5510 sayılı Yasanın 96/1. maddesinde “Kurumca işverenlere, sigortalılara, isteğe bağlı sigortalılara gelir veya aylık almakta olanlara ve bunların hak sahiplerine, genel sağlık sigortalılarına ve bunların bakmakla yükümlü olduğu kişilere, fazla veya yersiz olarak yapıldığı tespit edilen bu Kanun kapsamındaki her türlü ödemeler;
a) Kasıtlı veya kusurlu davranışlarından doğmuşsa, hatalı işlemin tespit tarihinden geriye doğru en fazla on yıllık sürede yapılan ödemeler, bu ödemelerin yapıldığı tarihlerden,
b) Kurumun hatalı işlemlerinden kaynaklanmışsa, hatalı işlemin tespit tarihinden geriye doğru en fazla beş yıllık sürede yapılan ödemeler toplamı, ilgiliye tebliğ edildiği tarihten itibaren yirmidört ay içinde yapılacak ödemelerde faizsiz, yirmidört aylık sürenin dolduğu tarihten sonra yapılacak ödemelerde ise bu süre sonundan, itibaren hesaplanacak olan kanunî faizi ile birlikte, ilgililerin Kurumdan alacağı varsa bu alacaklarından mahsup edilir, alacakları yoksa genel hükümlere göre geri alınır.” hükmü yer almaktadır.

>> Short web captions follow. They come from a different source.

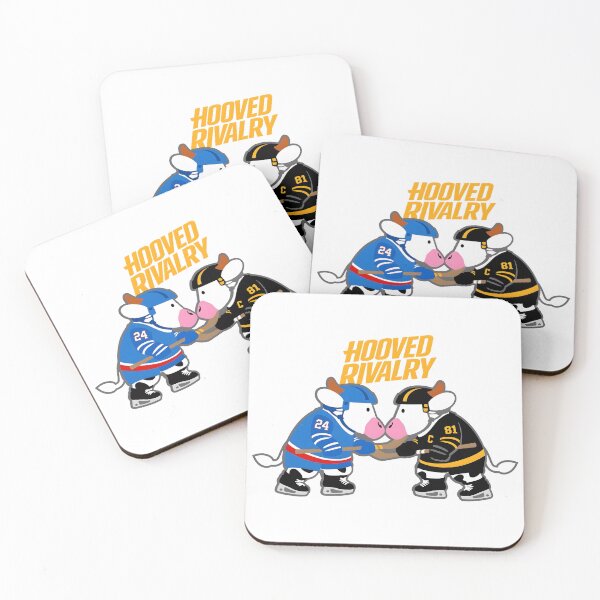 Item preview, Hooved Rivalry designed and sold by ElliKlemato.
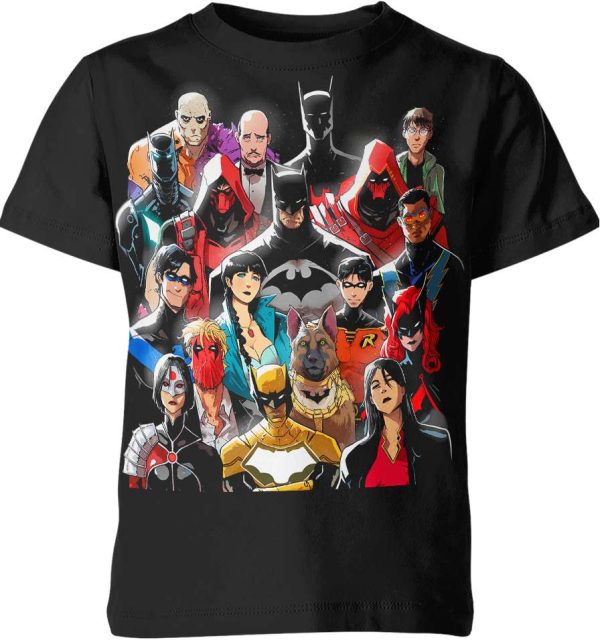 Batman Shirt Jezsport.com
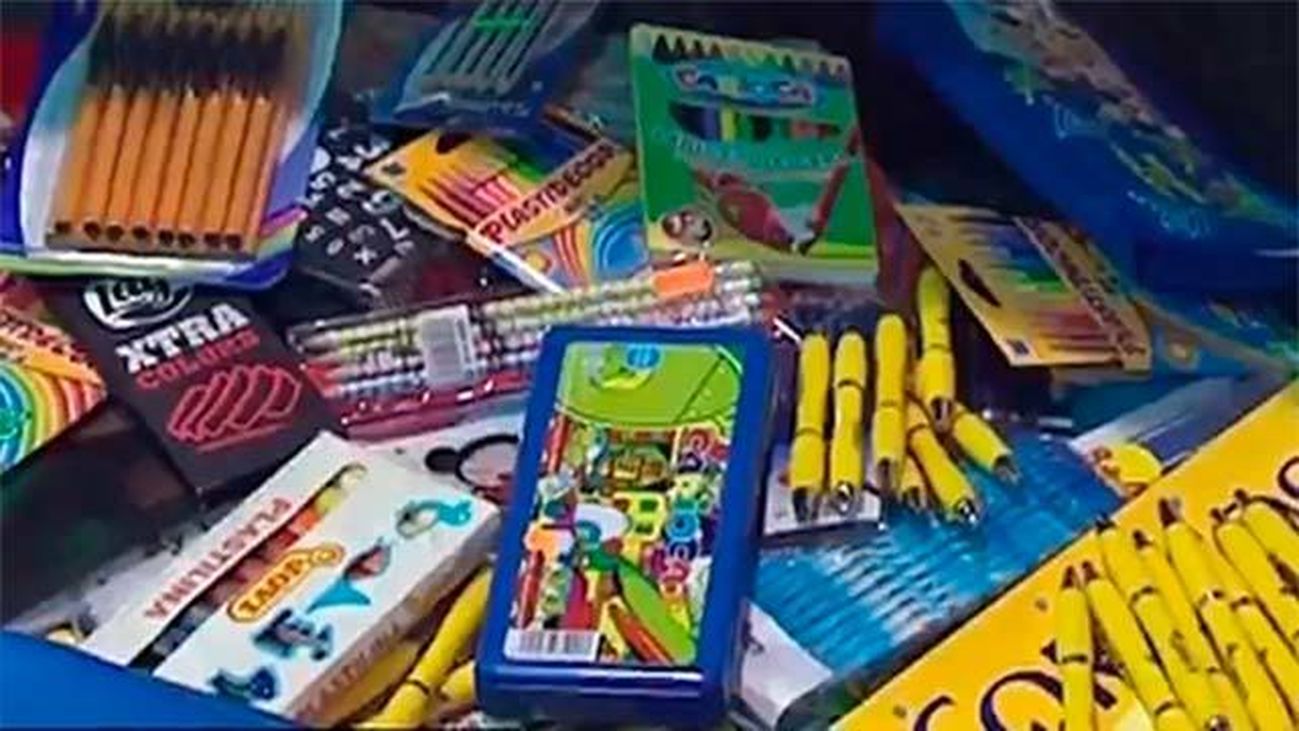 La cadena de favores del Padre Ángel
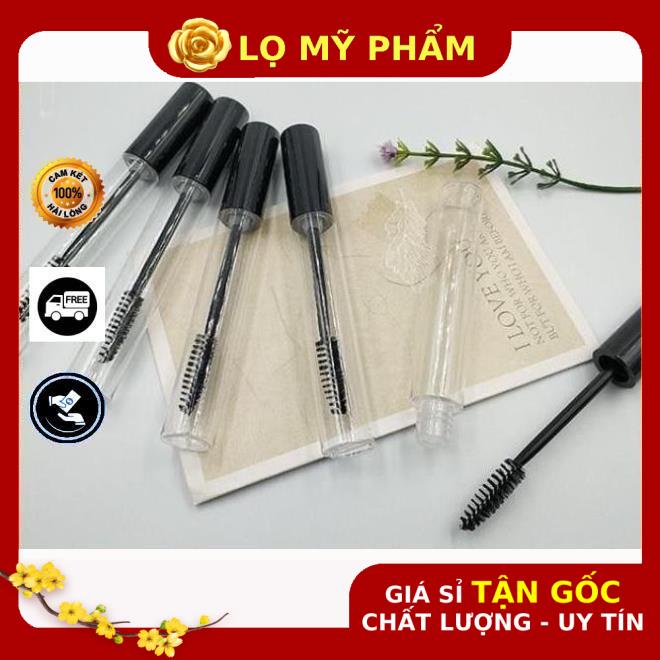 Vỏ Eyeliner ❤ GIÁ TỐT NHẤT ❤ Lọ Eyeliner, chuốt mi 5ml,10ml,12ml chiết mỹ phẩm , phụ kiện du lịch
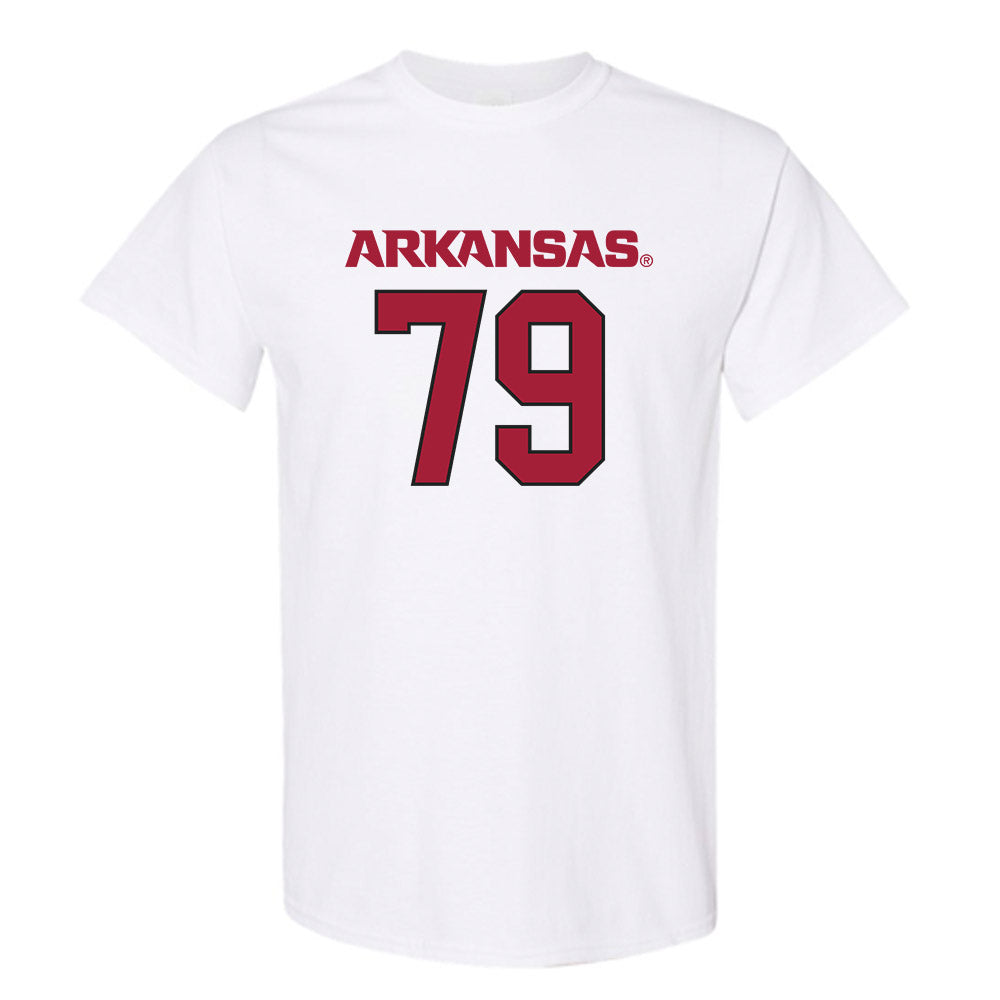 Arkansas - NCAA Football : Tommy Varhall Short Sleeve T-Shirt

Somut olayda; davacı tek başına hak sahibi kız çocuğu sıfatıyla yetim aylığı almakta iken kızkardeşlerinin de eşlerinin vefat etmesi ile babalarından dolayı yetim aylığı almaya başlamaları ile davacının aldığı aylık miktarı ile ilgili olarak aylık bağlama oranının değiştirilmesi gerekirken Kurum tarafından bu işlemin yapılmayarak davacıya yapılan ödemeler ile ilgili fazla ödeme olduğu gerekçesiyle davacıya borç çıkartıldığı, bu durumun Kurumun hatalı işleminden kaynaklandığı, davacının yapılan fazla ödemeler konusunda iyi niyetli olduğu anlaşıldığından 5510 sayılı Yasanın 96/1-b maddesi gereğince değerlendirme yapılıp sonucuna göre karar verilmesi gerekirken mahkemece, bu maddi ve hukuki olgular göz önünde tutulmaksızın yazılı şekilde hüküm kurulması usul ve yasaya aykırı olup bozma nedenidir.
O halde, davalı Kurum vekilinin bu yönleri amaçlayan temyiz itirazları kabul edilmeli ve hüküm bozulmalıdır.
SONUÇ: Hükmün yukarıda açıklanan nedenlerle BOZULMASINA, 10/04/2014 gününde oybirliğiyle karar verildi.